Los estados de la materia son tres: sólido, líquido y gaseoso. Si un gas se somete a temperaturas muy elevadas, se convierte en plasma. En dicho estado, los electrones se separan de los átomos. Cuando un átomo carece de electrones orbitando alrededor del núcleo, se dice que está ionizado y se denomina ion. Así pues, el plasma está compuesto de iones y electrones libres. En este estado, los científicos pueden estimular los iones para que colisionen entre sí, se fusionen y liberen energía.
Mantener estables los plasmas a fin de extraer energía es difícil. Son caóticos, están a una temperatura elevadísima y tienden a sufrir turbulencias y otras inestabilidades. Comprender, modelizar y controlar el plasma es sumamente complejo, pero los investigadores han logrado grandes avances en los últimos decenios.
Los científicos emplean dispositivos de confinamiento magnético para manipular los plasmas. Entre los reactores de fusión de ese tipo, los más comunes son los tokamaks y los estelarators. Hoy en día, son los conceptos más prometedores de cara a futuras centrales de energía de fusión.

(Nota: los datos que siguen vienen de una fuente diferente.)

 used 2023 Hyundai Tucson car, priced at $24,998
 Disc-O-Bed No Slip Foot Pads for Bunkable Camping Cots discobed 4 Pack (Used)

Ambos tipos de reactores aprovechan el hecho de que las partículas cargadas reaccionan a las fuerzas magnéticas. Los iones se mantienen confinados en los reactores gracias a unos potentes imanes. Los electrones también están limitados por las fuerzas de los reactores y desempe?an una función en las inmediaciones. Las fuerzas magnéticas hacen girar continuamente las partículas en torno a las cámaras del reactor (en forma de dónut) para evitar que se escapen del plasma.